- [TASK DIRECTIONS] Please output the listing that follows exactly, but keep all images out.

<<<<

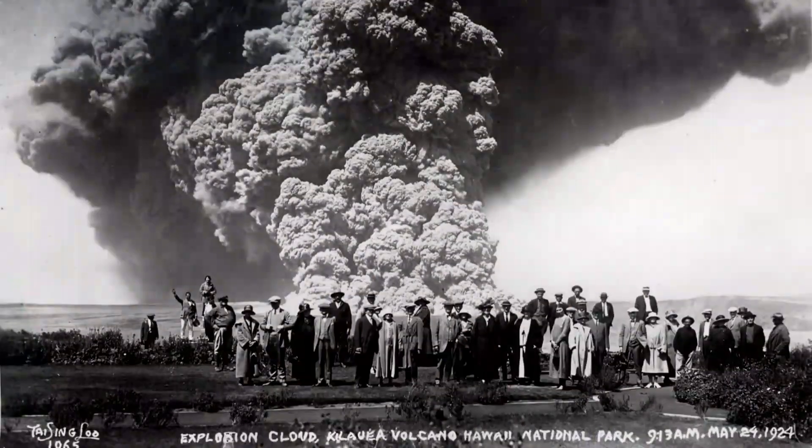He is beginning to think that maybe the steam blast idea was not quite accurate. And that's causing him to look back at 1924 — when they had far less instrumentation or analytical capabilities — and thinking that maybe 1924 wasn't a steam blast either, that it was the same mechanism: more like gas pressurization and expansion, explosion.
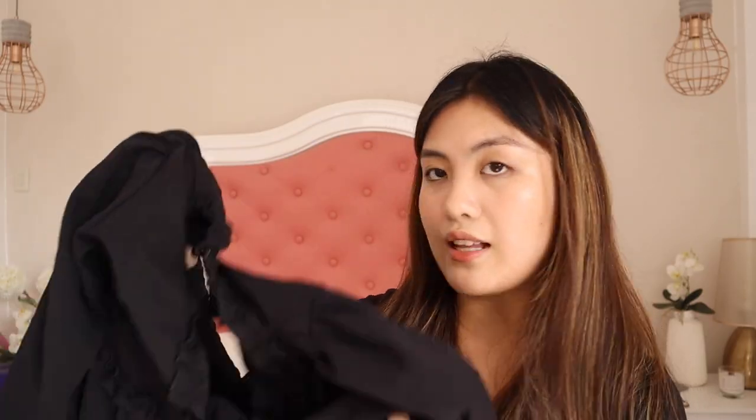So this is the last dress I got from Shein. It's a black A-line dress. It looks a bit odd on the hanger, but I'll wear it later on. I really love the style of this dress — it's super flowy. And the back part has buttons.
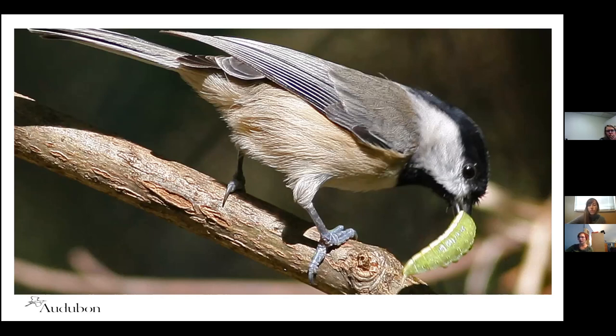One example of birds that demonstrate the need for insects is the chickadee. Chickadees weigh about the same as two nickels — they're really tiny — but a single nest of chicks needs over 9,000 caterpillars in the 16 days it takes for that nest to fledge, which comes out to about 390 to 570 caterpillars per day. They're super important, especially during breeding season.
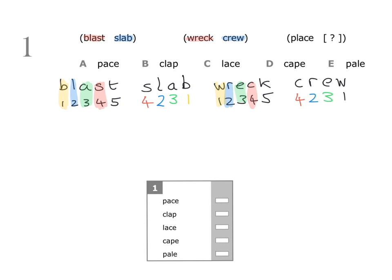Now with place: write out the word place and number the letters one, two, three, four, five. We know we need four, two, three, one. Letter number four is c, letter number two is l, letter number three is a, and letter number one is p. So our missing word is clap.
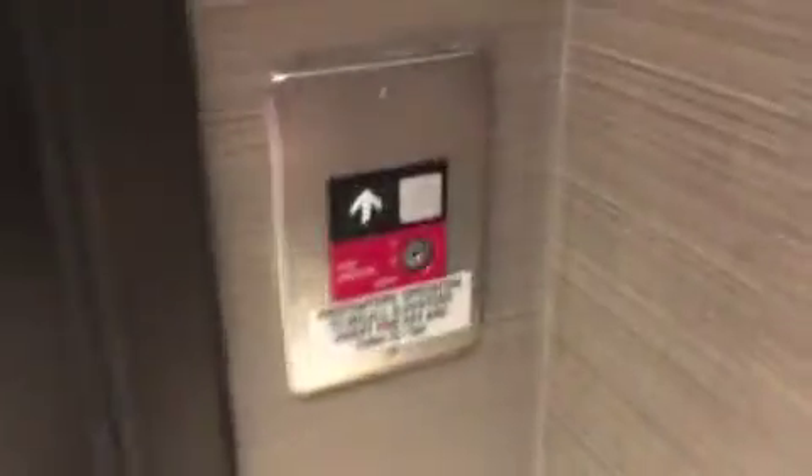Alright, this is the elevator here at the Courtyard Marriott on the west side of Columbus. We have an Otis Series 1 to ride.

>>>>

- [ANSWER SECTION]
He is beginning to think that maybe the steam blast idea was not quite accurate. And that's causing him to look back at 1924 — when they had far less instrumentation or analytical capabilities — and thinking that maybe 1924 wasn't a steam blast either, that it was the same mechanism: more like gas pressurization and expansion, explosion.
So this is the last dress I got from Shein. It's a black A-line dress. It looks a bit odd on the hanger, but I'll wear it later on. I really love the style of this dress — it's super flowy. And the back part has buttons.
One example of birds that demonstrate the need for insects is the chickadee. Chickadees weigh about the same as two nickels — they're really tiny — but a single nest of chicks needs over 9,000 caterpillars in the 16 days it takes for that nest to fledge, which comes out to about 390 to 570 caterpillars per day. They're super important, especially during breeding season.
Now with place: write out the word place and number the letters one, two, three, four, five. We know we need four, two, three, one. Letter number four is c, letter number two is l, letter number three is a, and letter number one is p. So our missing word is clap.
Alright, this is the elevator here at the Courtyard Marriott on the west side of Columbus. We have an Otis Series 1 to ride.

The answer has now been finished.